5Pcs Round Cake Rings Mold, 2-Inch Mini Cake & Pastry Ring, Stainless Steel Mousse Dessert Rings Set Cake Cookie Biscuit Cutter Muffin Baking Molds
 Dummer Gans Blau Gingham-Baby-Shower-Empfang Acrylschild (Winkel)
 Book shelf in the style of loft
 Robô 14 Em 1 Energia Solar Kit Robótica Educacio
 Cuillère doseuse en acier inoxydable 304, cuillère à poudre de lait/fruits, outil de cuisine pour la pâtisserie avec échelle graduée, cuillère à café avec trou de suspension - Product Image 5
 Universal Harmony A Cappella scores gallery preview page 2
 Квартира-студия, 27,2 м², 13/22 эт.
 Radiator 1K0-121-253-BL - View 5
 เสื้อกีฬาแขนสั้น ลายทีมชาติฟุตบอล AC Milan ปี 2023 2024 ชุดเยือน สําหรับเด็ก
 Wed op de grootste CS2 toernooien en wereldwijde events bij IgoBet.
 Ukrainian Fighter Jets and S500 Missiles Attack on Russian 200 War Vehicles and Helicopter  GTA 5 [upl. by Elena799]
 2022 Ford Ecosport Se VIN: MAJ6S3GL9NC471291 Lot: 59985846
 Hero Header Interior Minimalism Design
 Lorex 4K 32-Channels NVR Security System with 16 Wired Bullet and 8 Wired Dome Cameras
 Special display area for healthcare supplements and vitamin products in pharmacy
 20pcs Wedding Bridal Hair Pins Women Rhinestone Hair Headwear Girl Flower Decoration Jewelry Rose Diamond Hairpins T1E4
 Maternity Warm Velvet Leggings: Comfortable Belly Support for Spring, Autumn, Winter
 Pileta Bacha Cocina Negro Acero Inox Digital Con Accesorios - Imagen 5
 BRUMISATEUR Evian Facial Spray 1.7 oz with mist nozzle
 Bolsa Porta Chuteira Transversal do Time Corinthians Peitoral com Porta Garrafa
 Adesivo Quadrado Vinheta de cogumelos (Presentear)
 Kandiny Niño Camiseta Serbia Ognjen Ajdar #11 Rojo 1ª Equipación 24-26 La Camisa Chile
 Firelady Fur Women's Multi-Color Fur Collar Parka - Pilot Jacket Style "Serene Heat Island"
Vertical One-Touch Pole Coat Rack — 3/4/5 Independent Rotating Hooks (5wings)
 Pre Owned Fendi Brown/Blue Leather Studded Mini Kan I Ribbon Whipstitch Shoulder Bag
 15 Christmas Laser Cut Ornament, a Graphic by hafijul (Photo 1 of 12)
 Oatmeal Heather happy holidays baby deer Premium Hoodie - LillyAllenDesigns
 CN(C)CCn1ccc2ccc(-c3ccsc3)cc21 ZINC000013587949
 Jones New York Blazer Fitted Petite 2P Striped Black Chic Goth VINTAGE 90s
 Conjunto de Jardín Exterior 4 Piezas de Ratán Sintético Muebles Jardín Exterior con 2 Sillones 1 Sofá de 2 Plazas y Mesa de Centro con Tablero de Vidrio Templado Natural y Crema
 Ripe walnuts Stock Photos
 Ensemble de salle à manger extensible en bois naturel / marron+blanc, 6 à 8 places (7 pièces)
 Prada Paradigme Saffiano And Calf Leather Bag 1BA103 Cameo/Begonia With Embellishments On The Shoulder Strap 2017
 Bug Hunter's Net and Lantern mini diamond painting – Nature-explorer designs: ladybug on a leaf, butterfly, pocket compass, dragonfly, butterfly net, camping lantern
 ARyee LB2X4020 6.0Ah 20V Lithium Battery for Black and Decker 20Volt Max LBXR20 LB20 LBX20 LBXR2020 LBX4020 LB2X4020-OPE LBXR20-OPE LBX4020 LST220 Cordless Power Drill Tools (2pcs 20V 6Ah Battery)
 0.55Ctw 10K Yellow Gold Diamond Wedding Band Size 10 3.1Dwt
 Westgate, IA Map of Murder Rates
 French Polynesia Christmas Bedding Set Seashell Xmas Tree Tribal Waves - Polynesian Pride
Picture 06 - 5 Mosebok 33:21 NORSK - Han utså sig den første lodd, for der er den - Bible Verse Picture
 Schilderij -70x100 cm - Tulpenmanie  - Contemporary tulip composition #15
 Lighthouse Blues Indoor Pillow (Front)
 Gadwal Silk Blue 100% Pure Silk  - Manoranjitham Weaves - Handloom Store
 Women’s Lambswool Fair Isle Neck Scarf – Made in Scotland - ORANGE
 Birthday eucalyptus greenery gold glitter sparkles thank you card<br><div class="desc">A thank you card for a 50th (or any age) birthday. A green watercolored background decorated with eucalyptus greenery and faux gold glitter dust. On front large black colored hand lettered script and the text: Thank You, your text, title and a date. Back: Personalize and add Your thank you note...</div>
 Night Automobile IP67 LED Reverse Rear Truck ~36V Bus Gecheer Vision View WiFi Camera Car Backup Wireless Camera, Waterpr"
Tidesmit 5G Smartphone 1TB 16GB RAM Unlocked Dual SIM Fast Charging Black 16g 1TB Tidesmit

────────

Above are the lines; repeat exactly the ones from the line containing "Pre Owned Fendi" down to the line containing "Prada Paradigme Saffiano", both inclusive.

REPLY —
 Pre Owned Fendi Brown/Blue Leather Studded Mini Kan I Ribbon Whipstitch Shoulder Bag
 15 Christmas Laser Cut Ornament, a Graphic by hafijul (Photo 1 of 12)
 Oatmeal Heather happy holidays baby deer Premium Hoodie - LillyAllenDesigns
 CN(C)CCn1ccc2ccc(-c3ccsc3)cc21 ZINC000013587949
 Jones New York Blazer Fitted Petite 2P Striped Black Chic Goth VINTAGE 90s
 Conjunto de Jardín Exterior 4 Piezas de Ratán Sintético Muebles Jardín Exterior con 2 Sillones 1 Sofá de 2 Plazas y Mesa de Centro con Tablero de Vidrio Templado Natural y Crema
 Ripe walnuts Stock Photos
 Ensemble de salle à manger extensible en bois naturel / marron+blanc, 6 à 8 places (7 pièces)
 Prada Paradigme Saffiano And Calf Leather Bag 1BA103 Cameo/Begonia With Embellishments On The Shoulder Strap 2017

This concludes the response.